In the data below, find the line containing "Bites - double bites in same spots???"; transcribe it and each line after it exactly, through the last, skipping pictures.

[[ Available records open ]]

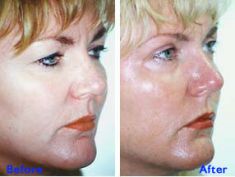 Eyelid surgery (Blepharoplasty) - Photo before - Azim Jahangir Khan M.D.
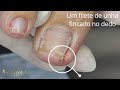 Isso Estava Enterrado no Dedo Dela #satisfying #nails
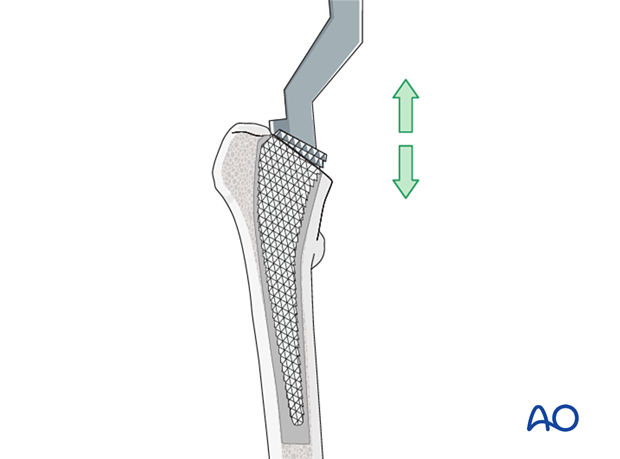 Broaching the medullary canal of the femur for arthroplasty of the hip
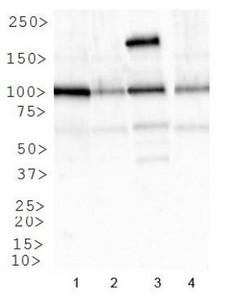IGF1R / IGF1 Receptor Antibody - Western Blot: IGF1 Receptor Antibody - Analysis of IGFR1 in: 1. HeLa, 2. NIH/3T3, 3. SK-BR-3 and 4. COS7.  This image was taken for the unconjugated form of this product. Other forms have not been tested.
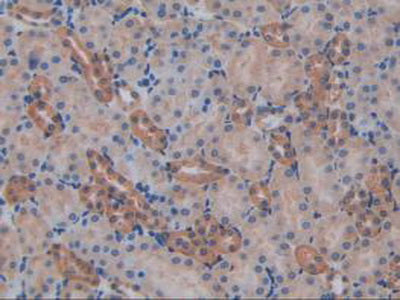 Interleukin 17 Receptor A (IL17RA) Polyclonal Antibody - image 5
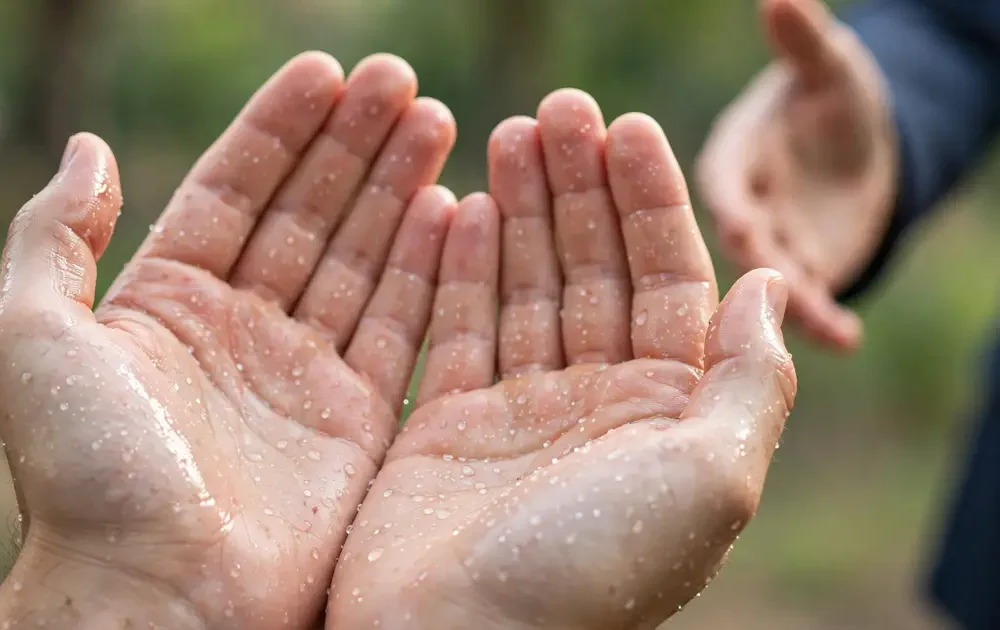 Palmar Hyperhidrosis Treatment: When Do Sweaty Hands Become A Surgical Problem?
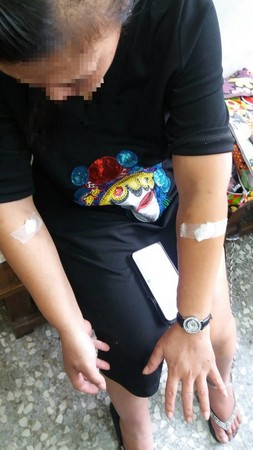 吸毒10年，潘女手上滿是針孔，已經「走水路」了！（警方提供）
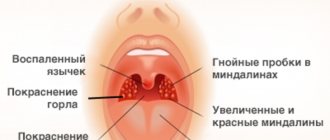 sore throat symptoms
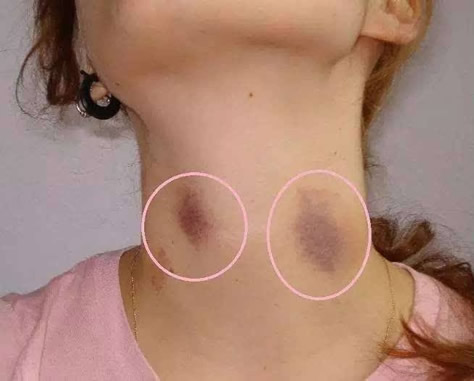 草莓印怎么快速消除 一大泼草莓吻痕图片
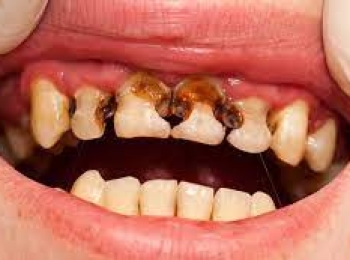 ما هو تسوس الأسنان وكيفية الوقاية منه؟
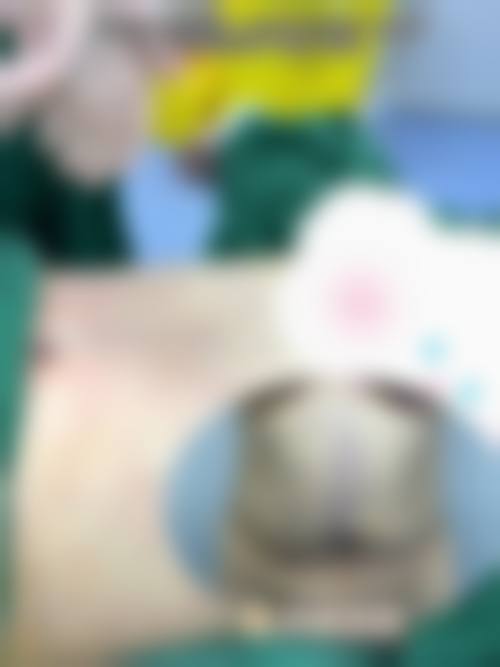 通化市中 心医院手足显微烧伤整形外科预约挂号方式。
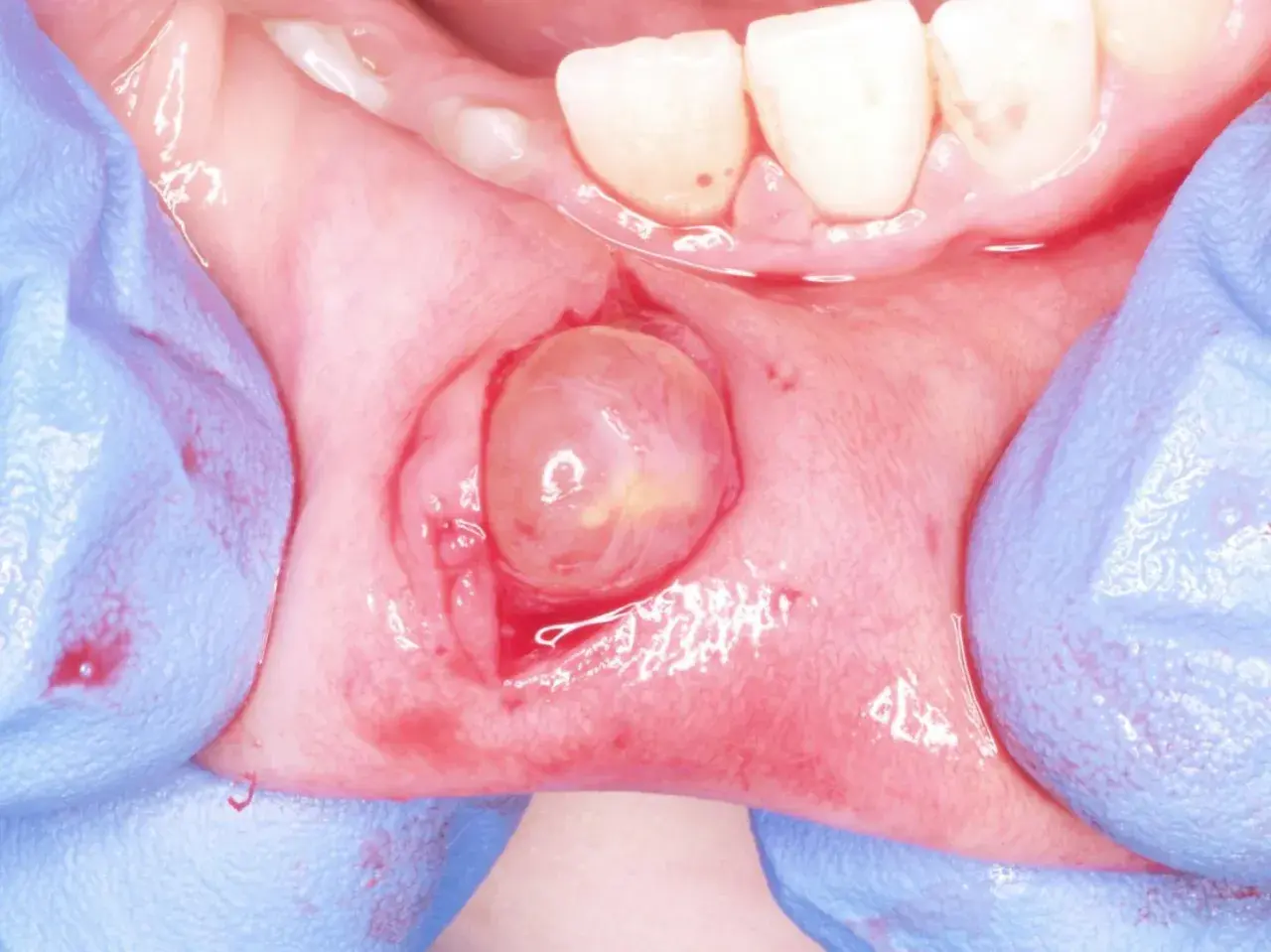 Gloved hands retracting tissue to reveal a translucent, rounded lesion on the gum, likely a fibroma orale.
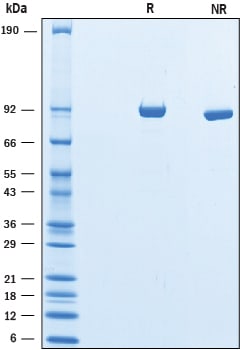 Recombinant Mouse Complement Component C3d Protein SDS-PAGE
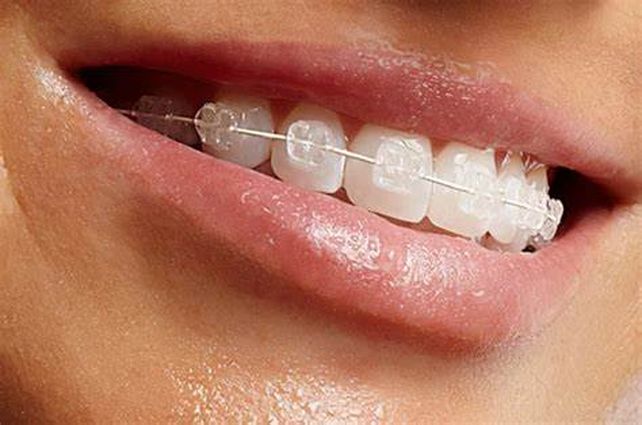 La exposición en fotos y redes aumentó los pedidos de tratamientos odontológicos.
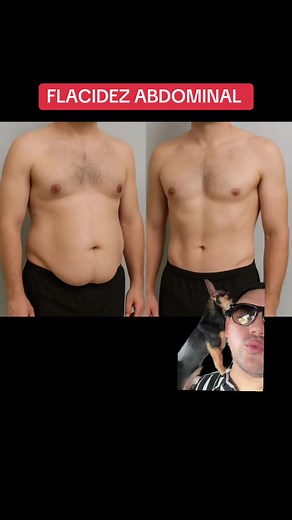 Flacidez Abdominal: Solución O Abdominoplastia?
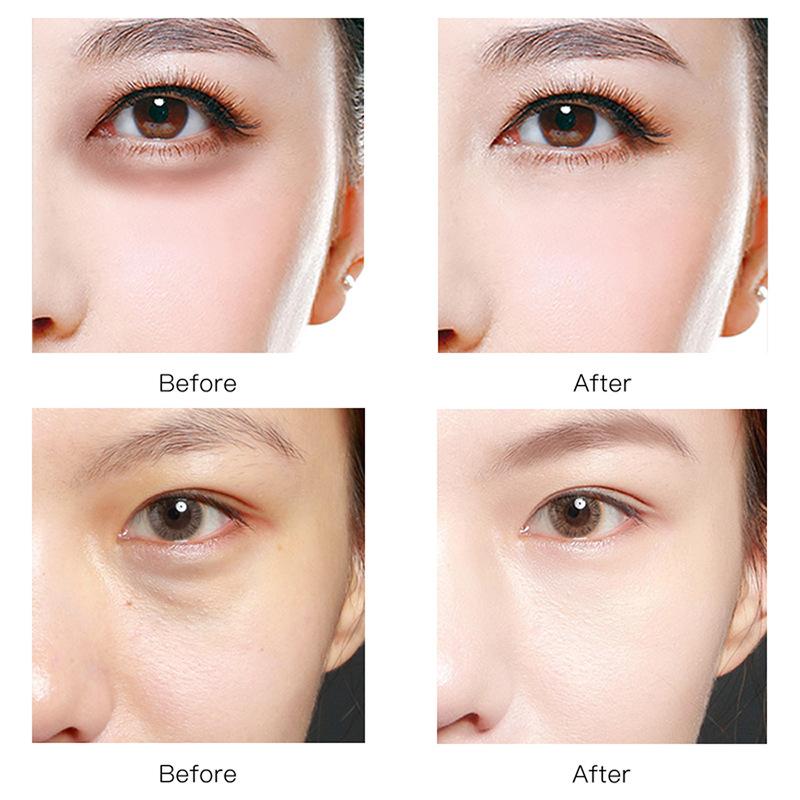 60 miếng mặt nạ mắt VHA – Dưỡng ẩm sâu, cấp nước & chăm sóc vùng da quanh mắt với Hyaluronic Acid 1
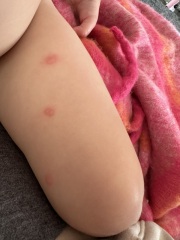 Bites - double bites in same spots???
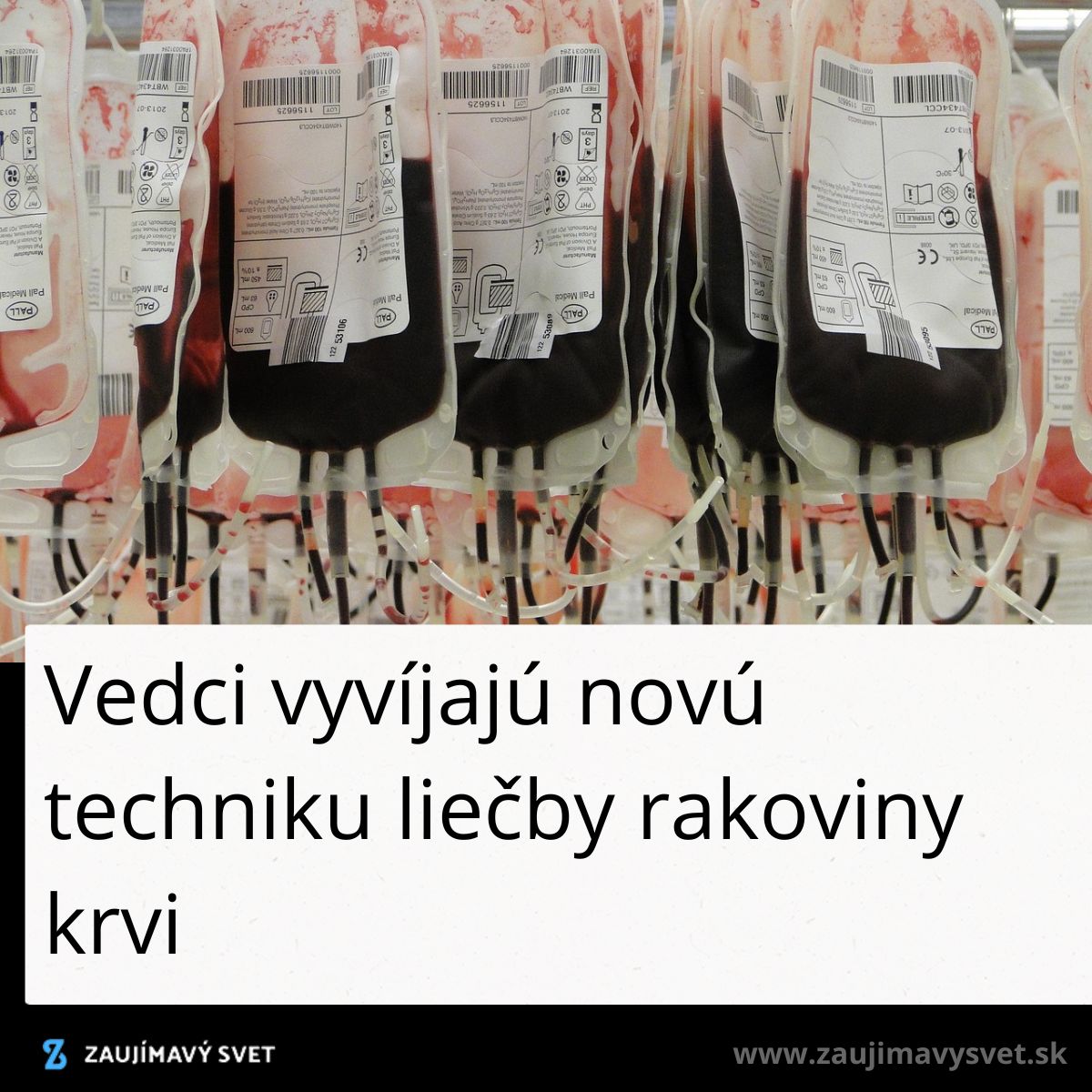 Vak plastových krvných konzerv v rade, symbolizujúcich pokrok v liečbe rakoviny krvi.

[[ Available records closed ]]

Written response
 Bites - double bites in same spots???
 Vak plastových krvných konzerv v rade, symbolizujúcich pokrok v liečbe rakoviny krvi.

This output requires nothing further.